I once met a man who came back from the dead!
It happened when I was studying for the diaconate. One of the courses I took was a seminar in Judeo-Christian relations. A Christian clergyman would give a brief talk on a theological or moral topic, and then a rabbi would discuss the same subject from his perspective.
One night the invited rabbi departed from the plan. I don't recall his name. Maybe his name is not important in relation to his message. This is it, in his own words, as nearly as I remember them:
I would like to tell you a story. It is true story, because it is about me.I was born in 1930 in Germany to a very orthodox Jewish family. We kept all the holy days, my mother kept a kosher kitchen, and we didn't have much to do with gentiles. Germany was not a good place to be a Jew in the '30s and '40s, and in time my family was arrested and sent to Buchenwald, where my father and mother were killed. In Buchenwald I completely lost my faith, for I could not believe that there could be a God who would let such a thing happen, especially to His People.
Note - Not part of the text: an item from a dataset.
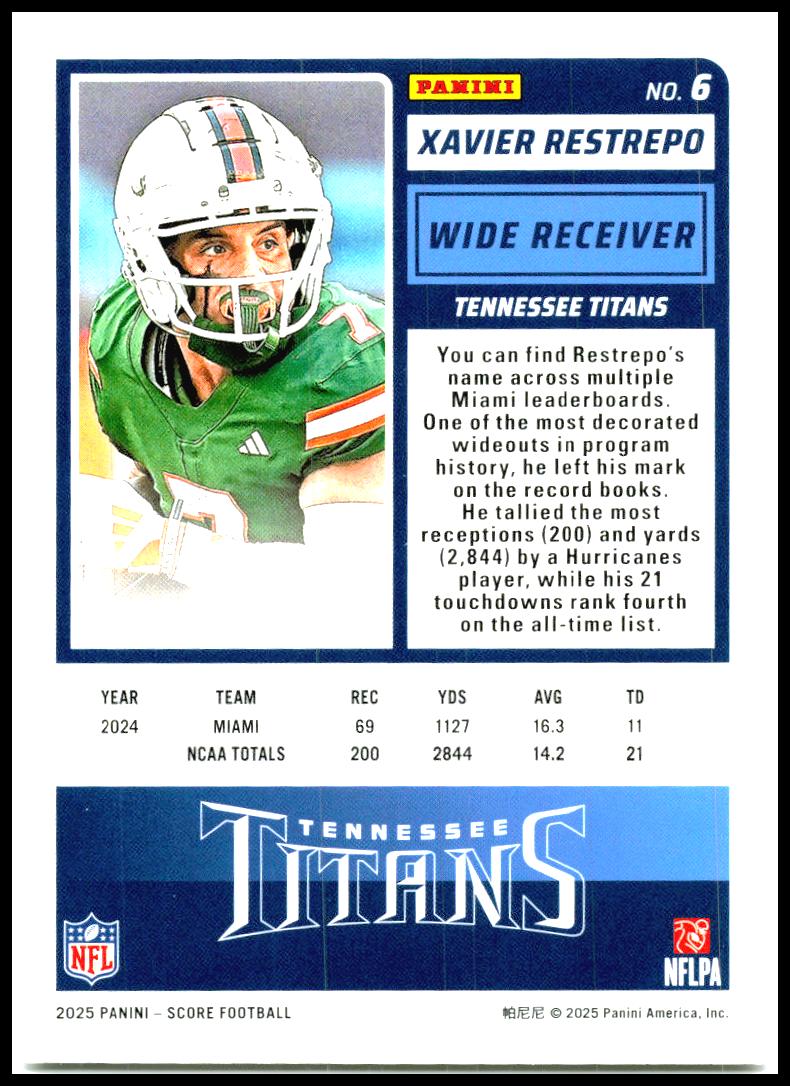 2025 Score #6 Xavier Restrepo Rookie Tennessee Titans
The allies liberated Buchenwald before the Nazis came for me, and I was passed from one charitable agency to another until eventually I was adopted by a very kind and loving Christian family. They tried very hard to make me feel wanted, but they spoke no German and I spoke no English, They were Christians and I was a Jew, and there was no way for them to know how deeply my experiences had affected me. I had lost everything that had meant anything to me, and so I decided to end what remained of my life.
I want you to know that I was already dead. The question was not if I would commit suicide, it was when and how. And one day, as I was thinking about this, as teenagers often do I reached over and turned on the radio, which just happened to be tuned to a live broadcast of David ben Gurion's first address to the Knesset, proclaiming the creation of the State of Israel.
In an instant, in an interval of zero time, all my faith came rushing back to me, and I realized three things:
The first was that I was to become a rabbi.
The second was that all the things that happened to me were a part of God's design for me; that they had to happen for me to be the rabbi that God wanted me to be.
The third was a message I was given, which I will presently share with you.
We have all heard, "Yea, though I walk through the valley of the shadow of death, I will fear no evil: for thou art with me, O Lord," from the 23rd Psalm. Well, I walked in that valley, and I feared that evil, for I did not see God in Buchenwald.
For nineteen hundred years, the Jews had lived in Diaspora, separated from their homeland. It took an event so monstrous, so hideous in its conception and execution, that no sane person could doubt that the Jews had had enough! Just as what happened to me was necessary for me to be the man I have become, so the holocaust was necessary for the creation of the State of Israel. In both cases, God's will was being accomplished. In a sense, Hitler was doing God's work, for only through his intervention, as it came about, could the Jews finally have regained their ancestral home.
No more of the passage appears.